For my part, I’m not really interested in taking sides on the question, because it really doesn’t seem worth arguing over. Having Ian Kennedy would certainly be very nice these days, but on the other hand, I very much enjoy having Curtis Granderson on the team. Considering that Granderson has without question been the Yankees’ best player this year, I don’t see much of a point in giving the trade much thought at all in retrospect. Even if you were very bullish on Kennedy at the time, at this point the worst case scenario for the trade is that it was a value for value swap that brought the Yankees a power hitting centerfielder with a team friendly contract in the prime of his career. Considering that, is it really any surprise that at least one of the pieces Brian Cashman had to give away is having success now? That’s just the way these swaps work, you have to give something to get something. Trading Wilson Bettimit for Nick Swisher is the exception, not the rule.

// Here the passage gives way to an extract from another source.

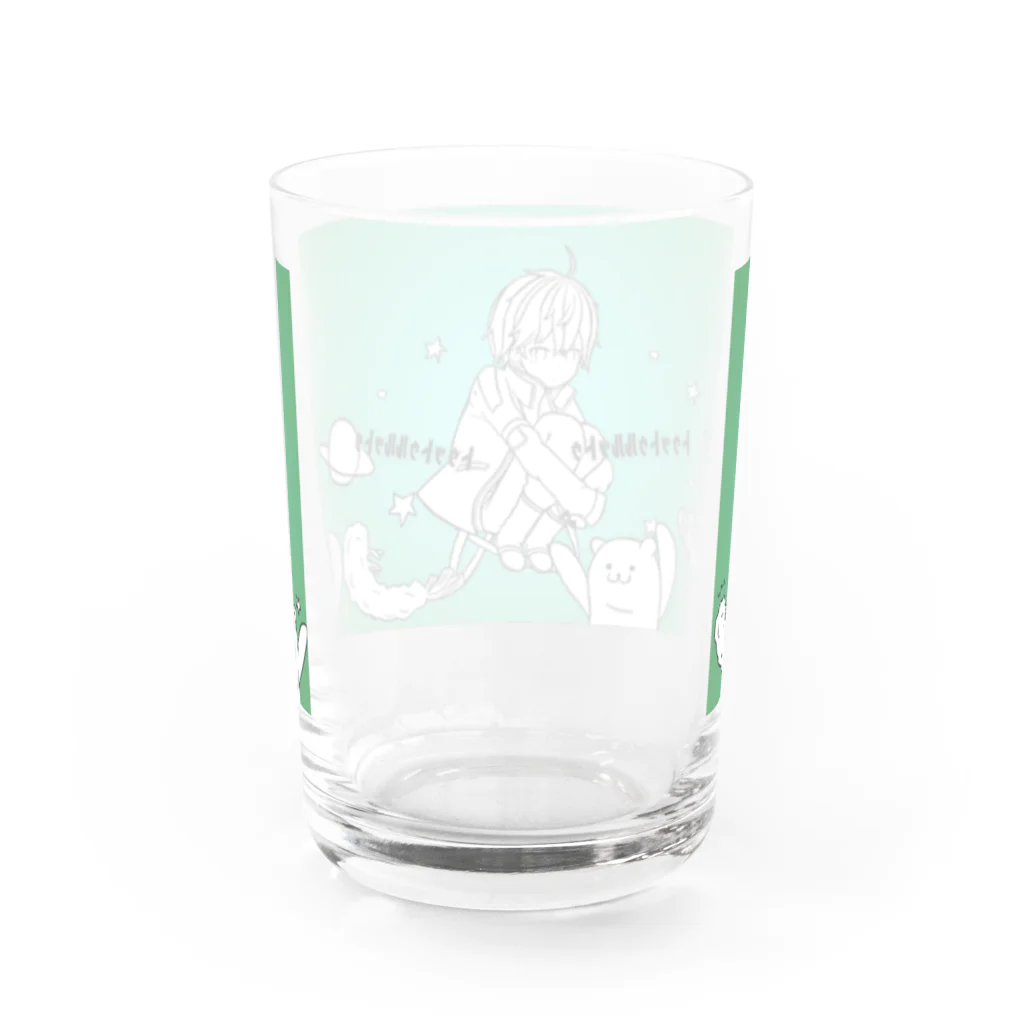 友絆リュリュ🤝💫の友絆リュリュ惑星ループVer.（クマ、エビフライ付） Water Glass :back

Now the knew wrinkle is that the Yankees “picked wrong” in trading Kennedy instead of Joba Chamberlain or Phil Hughes. That’s an interesting proposition, as it allows for a way in which the Yankees could have Kennedy and Granderson, but I think it really relies on a heavy dose of forgetting the lay of the land after the 2009 season. Remember that Kennedy was sort of the odd man out in the bunch, the guy who hadn’t really had any major league success to that point and seemed to be falling behind the other two members of the Big Three. Hughes had been a revelation for the team in the bullpen, and would of course go on to have an excellent 2010, before tiring as the season wore on, something not at all uncommon for young pitchers. Joba is a different matter, I suppose, but I still contend the only “problem” with Joba is that the front office foolishly decided to give up on him after his more or less league average performance in 2009.

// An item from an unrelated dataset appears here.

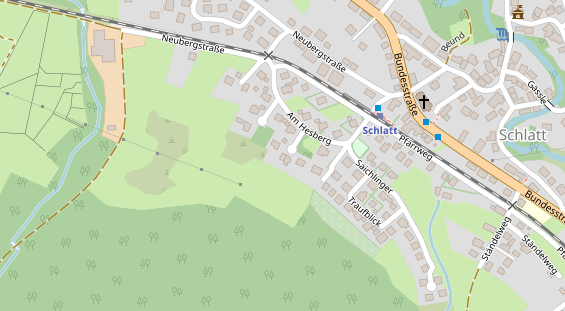 Lauf auf Satellitenbild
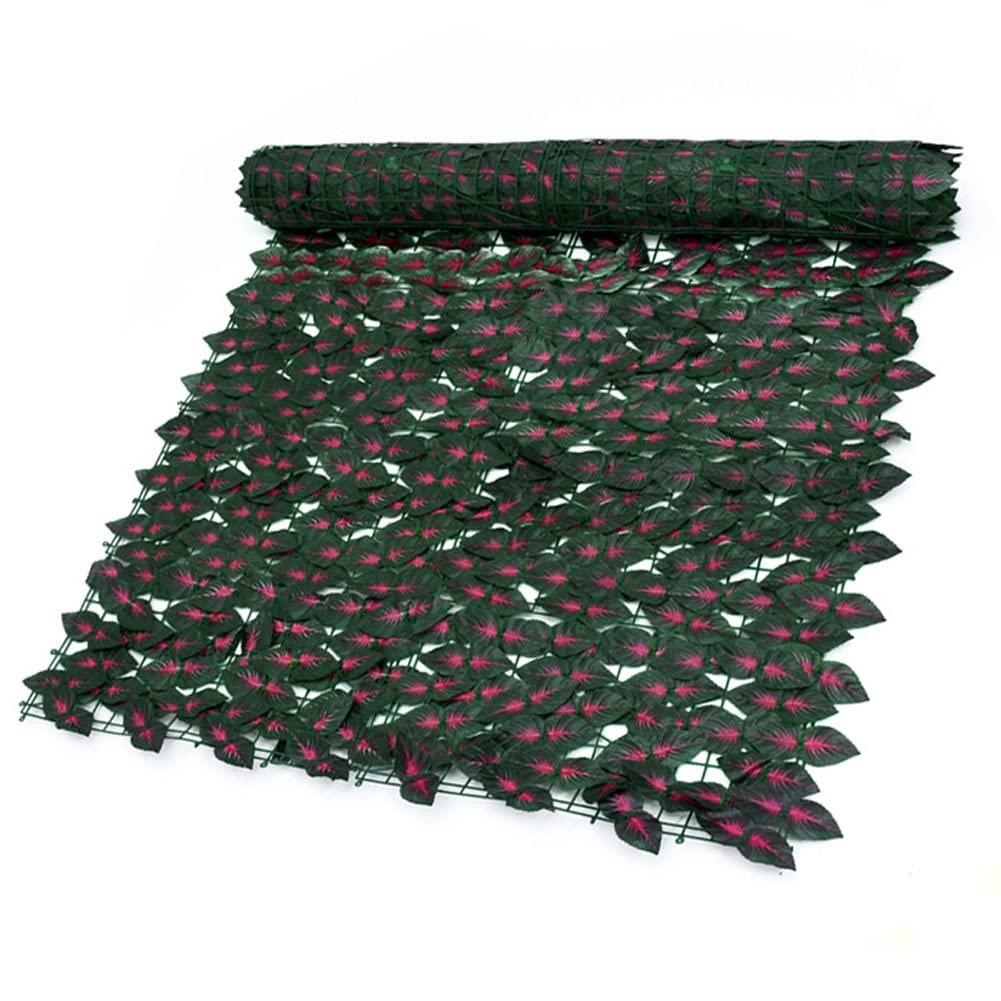 Hojas de Artificial para Jardín Seto Artificial Valla de setos Artificiales y Pared de Hoja de Vid de Hiedra Falsa para Exterior, Interior, jardín, Patio 1231(Color:,Size:39.37x157.48in)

To be fair, I think even in retrospect I probably would have preferred to trade Joba rather Kennedy, at least knowing the Yankees wouldn’t be giving him a chance to start. But who’s to say Arizona would want him? Joba had more service time than Kennedy and was set to go to arbitration after 2010, making him more expensive than Kennedy and giving him less time of team control left. He also suffered an arm injury in 2008 that had seemed to sap some of his electric stuff in 2009. So I think it’s a pretty dubious assumption that Arizona would have even been willing to accept Joba in Kennedy’s place at that point, and a huge reach to imagine anyone thinking it would have been better to trade Hughes than Kennedy in the winter of 2009-10.
Anyway, I guess my point is to just stop worrying about this. The trade worked out for everyone involved, the Yankees have been able to piece together a pretty good rotation anyway, and Curtis Granderson may well win the American League MVP award. Pining for Ian Kennedy will only drive you crazy for no good reason.